* INFORMATION GIVEN
- Opening Delimiter -
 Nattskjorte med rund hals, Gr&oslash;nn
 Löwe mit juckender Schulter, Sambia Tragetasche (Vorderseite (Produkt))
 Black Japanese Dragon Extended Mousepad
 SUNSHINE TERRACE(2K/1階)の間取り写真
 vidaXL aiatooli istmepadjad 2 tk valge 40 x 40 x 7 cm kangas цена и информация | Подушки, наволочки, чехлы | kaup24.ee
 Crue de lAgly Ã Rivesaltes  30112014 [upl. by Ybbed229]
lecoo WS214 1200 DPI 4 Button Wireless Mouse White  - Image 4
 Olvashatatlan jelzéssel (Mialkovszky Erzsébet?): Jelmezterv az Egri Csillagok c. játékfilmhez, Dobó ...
- Closing Delimiter -
- Opening Delimiter -
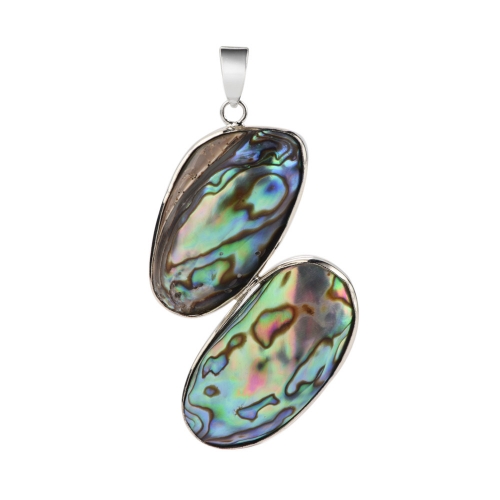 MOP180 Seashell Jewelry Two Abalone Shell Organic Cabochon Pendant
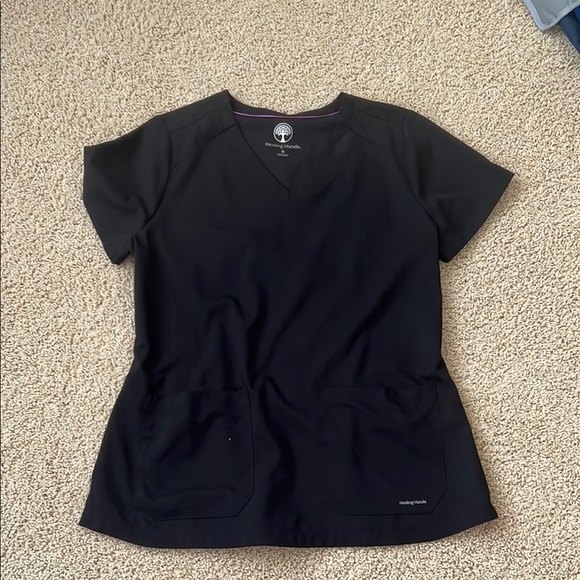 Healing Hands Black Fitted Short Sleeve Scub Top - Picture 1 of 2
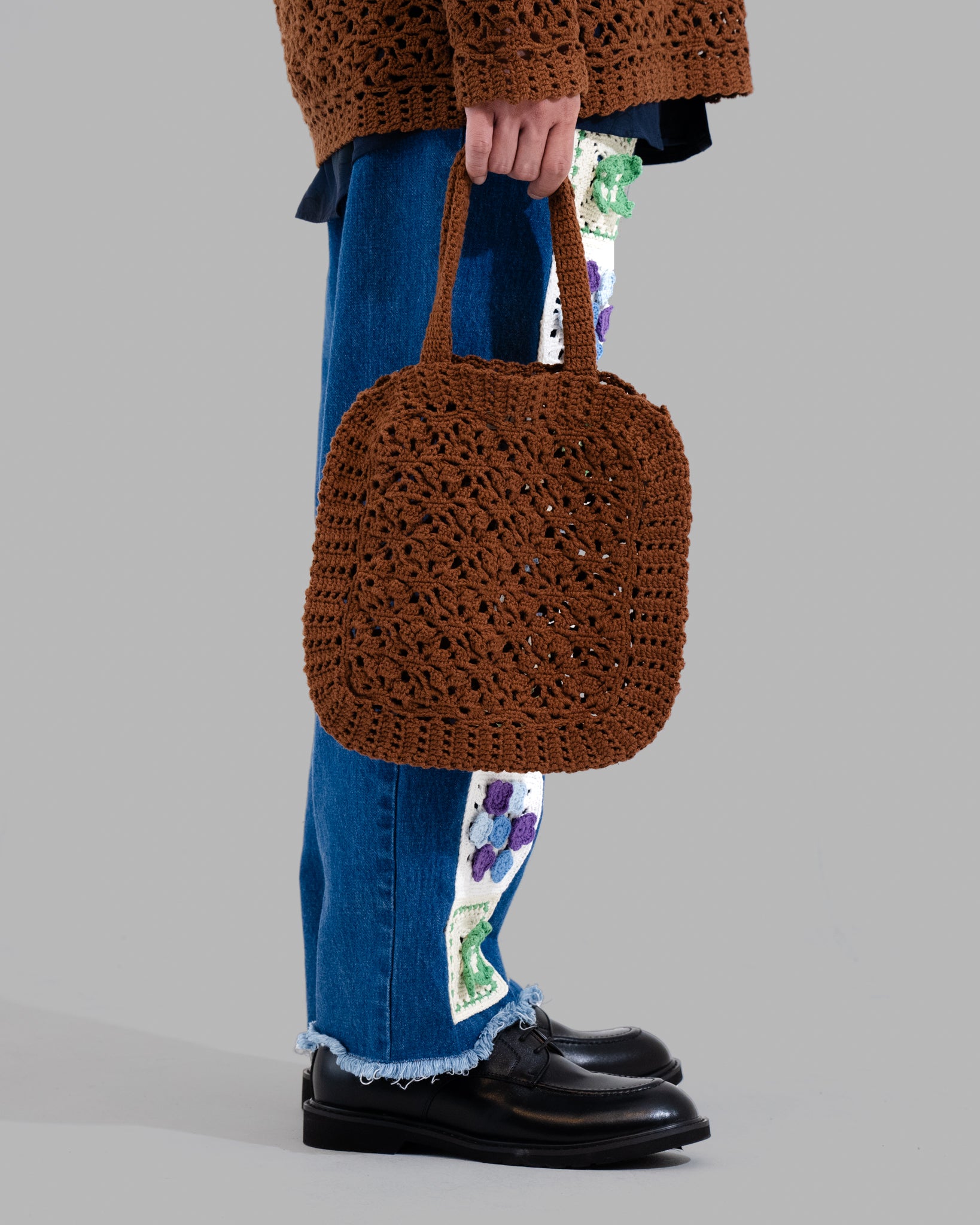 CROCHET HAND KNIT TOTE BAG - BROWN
- Closing Delimiter -
* YOUR OBJECTIVE
What you give back should be only the lines of the records above, starting at the line with "vidaXL aiatooli istmepadjad" and ending at the line with "Olvashatatlan jelzéssel (Mialkovszky", restated word for word.

* YOUR RESPONSE
 vidaXL aiatooli istmepadjad 2 tk valge 40 x 40 x 7 cm kangas цена и информация | Подушки, наволочки, чехлы | kaup24.ee
 Crue de lAgly Ã Rivesaltes  30112014 [upl. by Ybbed229]
lecoo WS214 1200 DPI 4 Button Wireless Mouse White  - Image 4
 Olvashatatlan jelzéssel (Mialkovszky Erzsébet?): Jelmezterv az Egri Csillagok c. játékfilmhez, Dobó ...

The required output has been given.